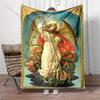 1PC Angel with Cross On Dragon Print Blanket Prayer Blankets for Believers Suitable for Home Sofa Camping Travel Car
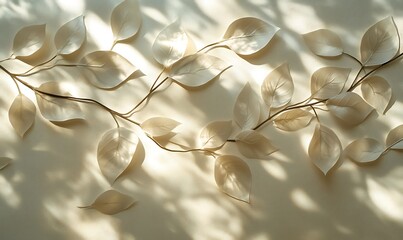 Poster - A delicate arrangement of light-toned leaves casting shadows on a soft background, creating an ethereal and serene atmosphere.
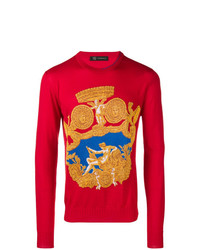 Мужской красный свитер с круглым вырезом с принтом от Versace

--- Task prompt ---
Starting with the line that contains "Poster - A delicate", reproduce every line down to the end of the listing above, both endpoints included. Pictures stay out.

--- Answer to this exercise ---
 Poster - A delicate arrangement of light-toned leaves casting shadows on a soft background, creating an ethereal and serene atmosphere.
 Мужской красный свитер с круглым вырезом с принтом от Versace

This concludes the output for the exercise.